Quand l’amour n’exhausse plus tes désirs
qu’il s’éloigne de toi à grands pas
tu deviendras muette au chant des mouettes
et le sable sur tes rives, brûles tes pas.
Quand la solitude te tient tête
fait chuter tes pensées hirondelles
au plus bas de tes collines,
tu essaies de tisser sur les files du vide
tes rêves qui se meurent et ne mettent plus bas.
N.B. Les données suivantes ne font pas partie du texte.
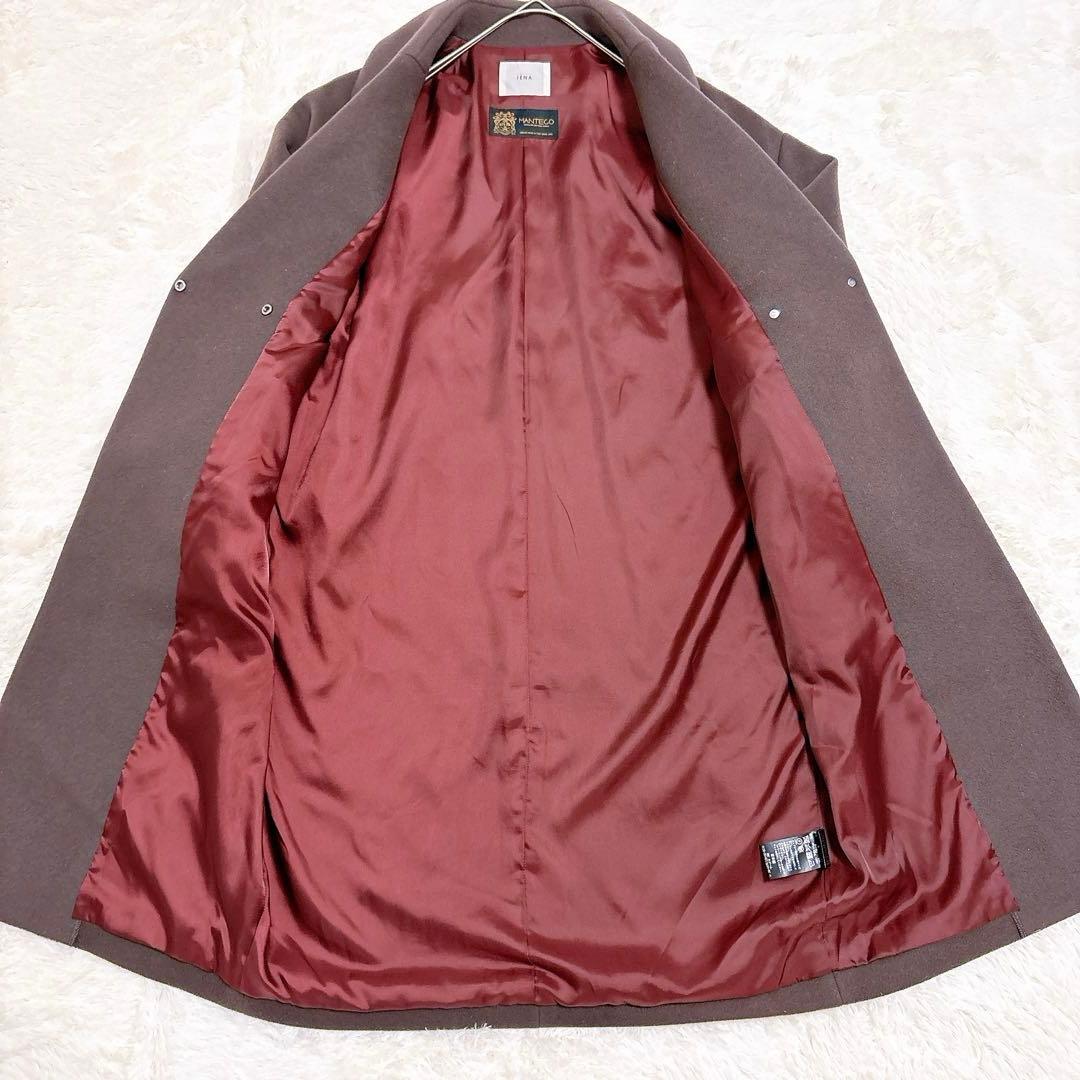 イエナ マンテコ オーバーチェスターコート34 日本製 IENA MANTECO
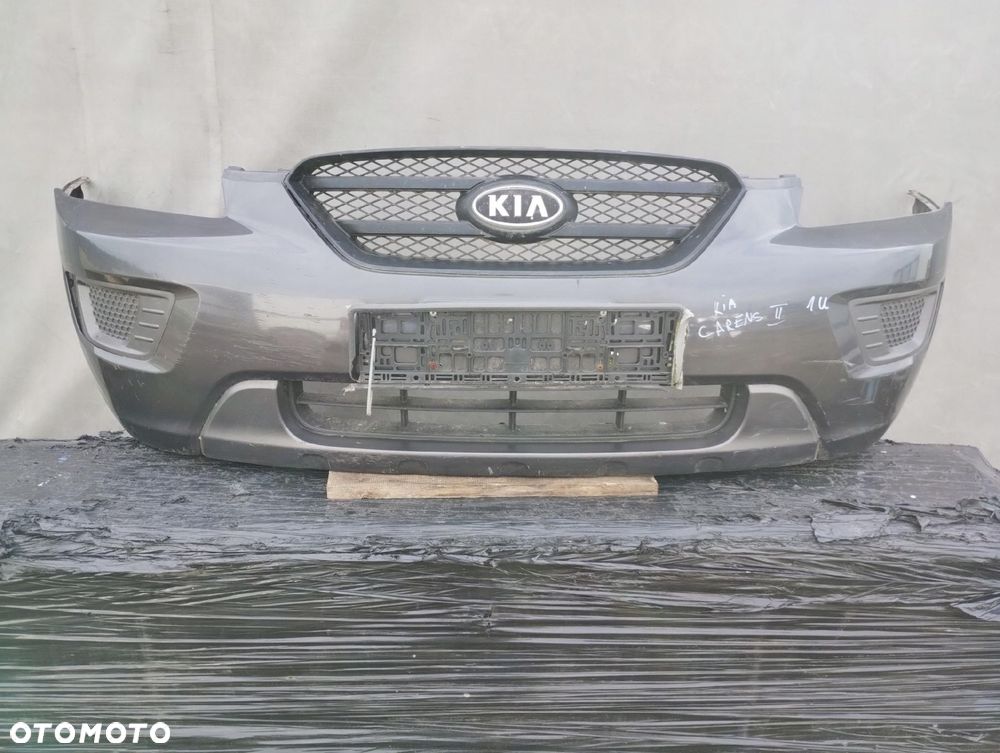 Kia Carens Iii Zderzak Przedni Komplet 1U - 2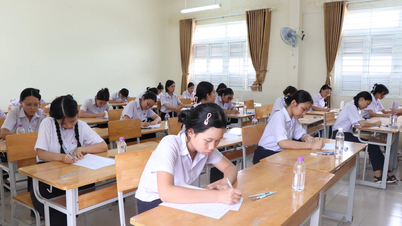 Tuyển sinh vào lớp 10 năm học 2026 - 2027: Dự kiến công bố điểm thi vào ngày 7-6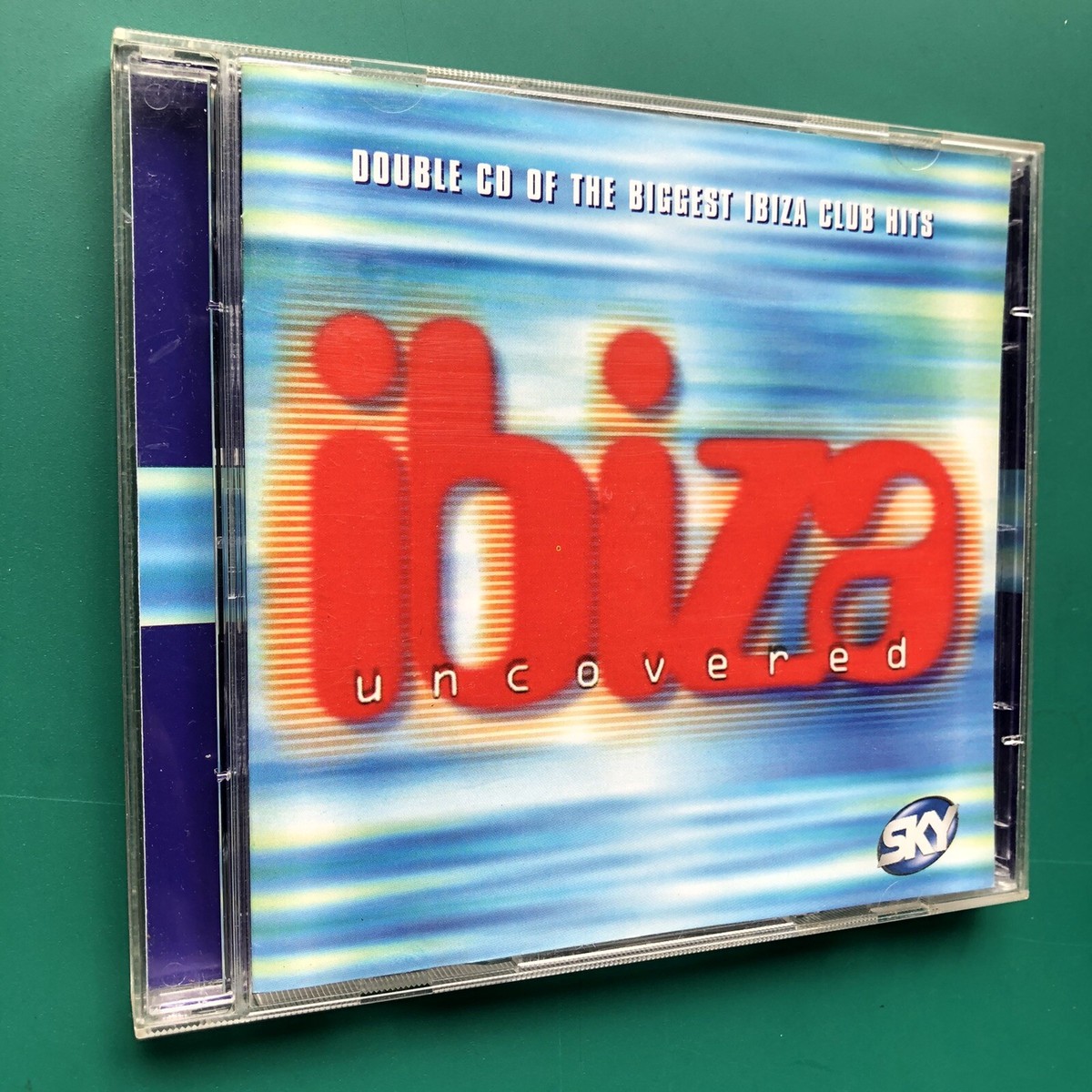 IBIZA UNCOVERED House Trance 2x CD Mix Gala Wink Bellini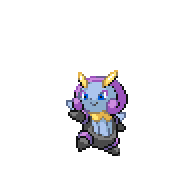 Battler sprite for Illumise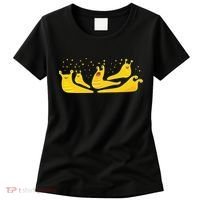 Banana Slug Party Women's T-Shirt thumb 0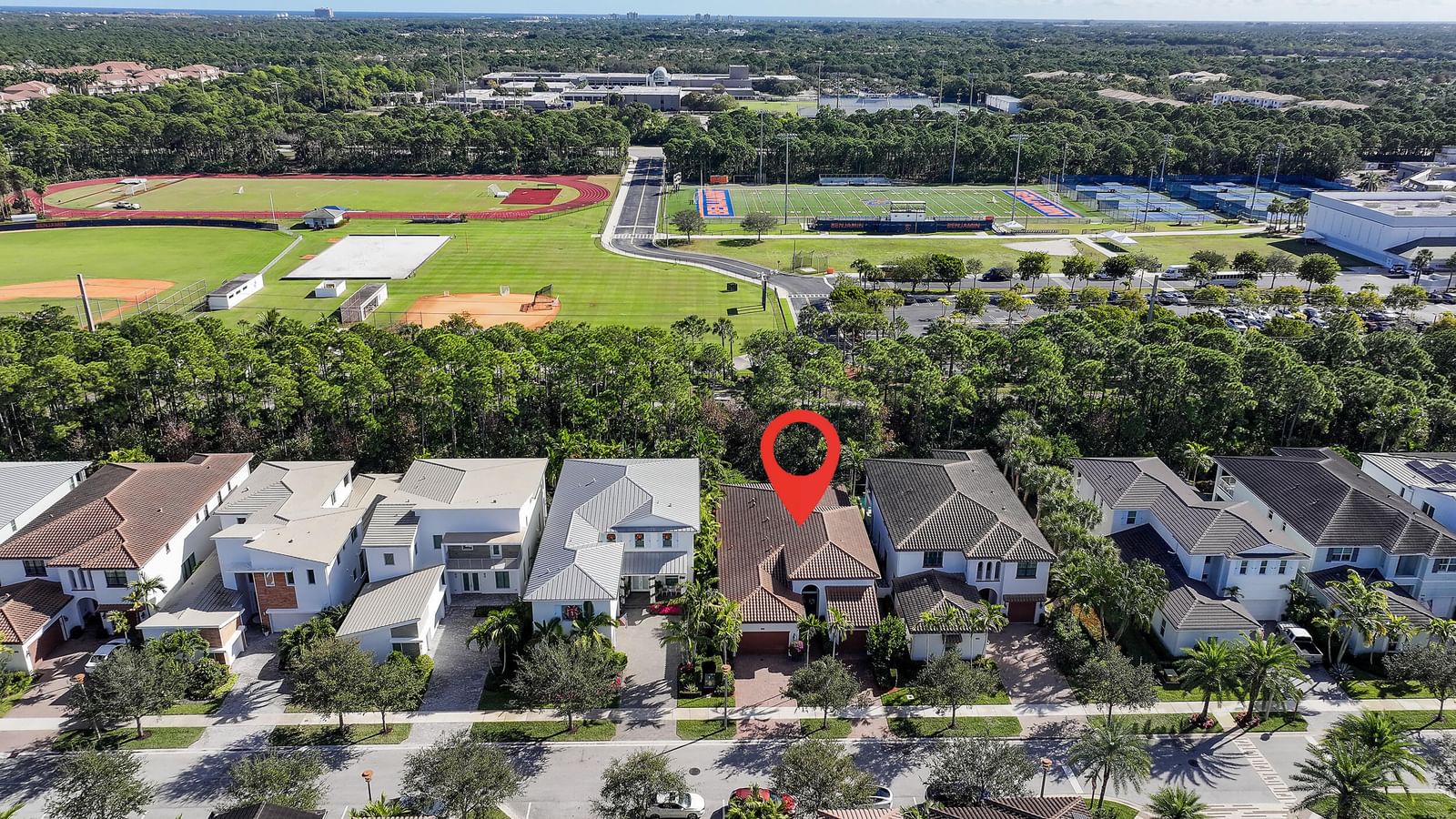Real estate property located at 1110 Faulkner, Palm Beach, Alton Neighborhood 1, Palm Beach Gardens, FL, US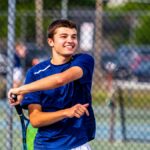 Apponequet Boys Tennis otvára play -off 2025 porazením Hanover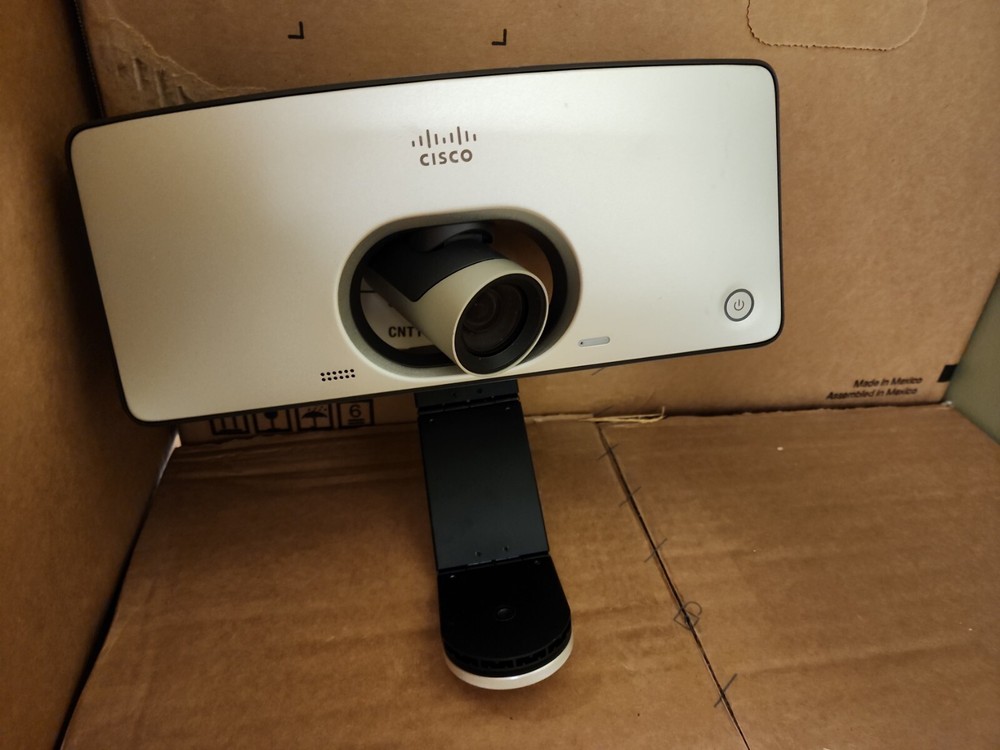 Cisco CS-CODEC-PLUS TTC7-25 VideoConference Webex Room Codec CS-KITPLUS-K9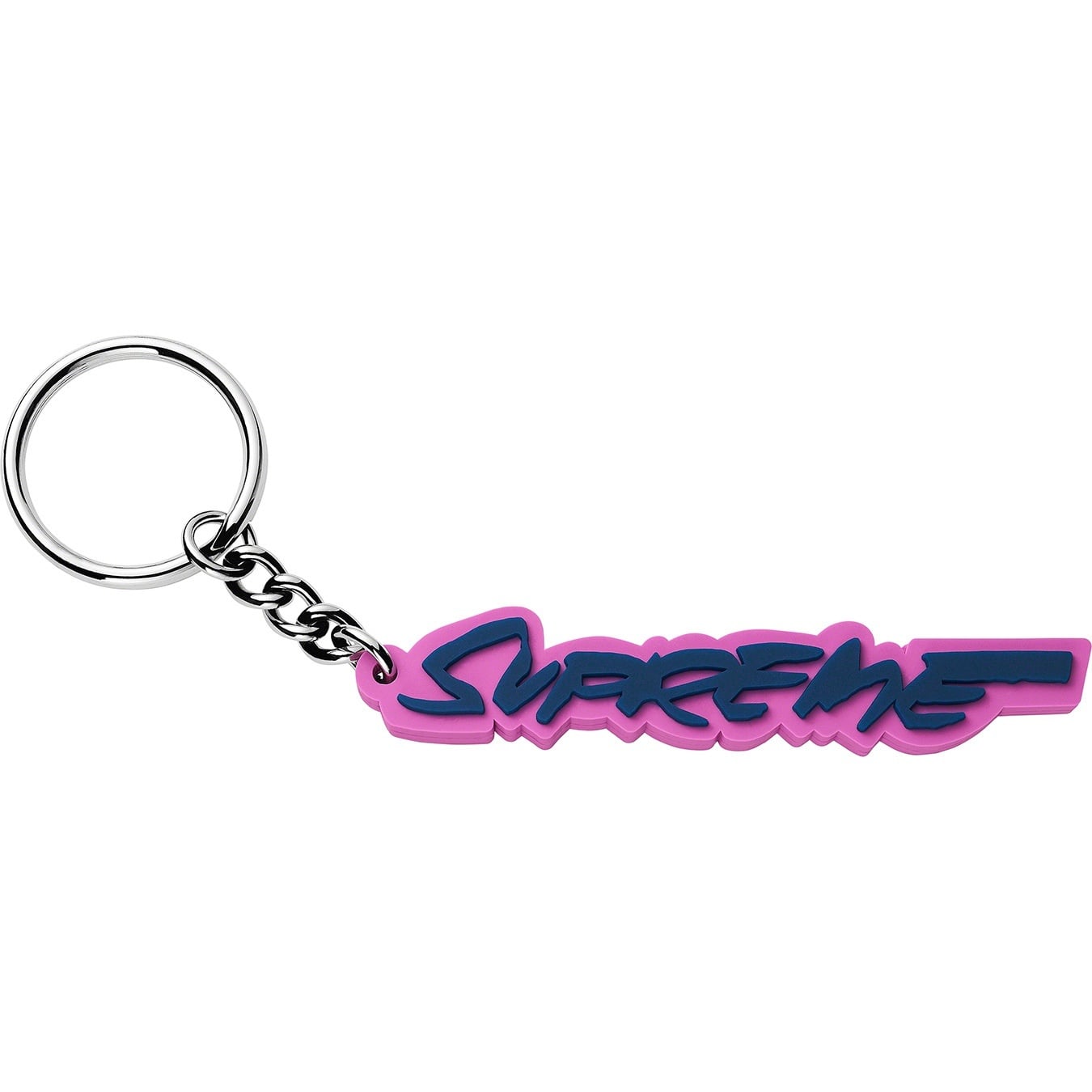Futura Logo Keychain view 4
Quand les roses de tristesse s’inclinent et le rosier
ne t’offre plus de l’ombre et que ses épines t’écorchent vive,
sache que l’amour a quitté les landes et a préféré l’exil,
et que rien ne demeurera.
Reste l’espoir pour nous offrir de beaux jours,
de beaux rêves, même s’ils ne seront jamais accessibles
malgré que nos déceptions sur nos propres quais, nous noient,
nous nous relèveront hautains de notre chute,
continueront malgré la défaite notre noble combat.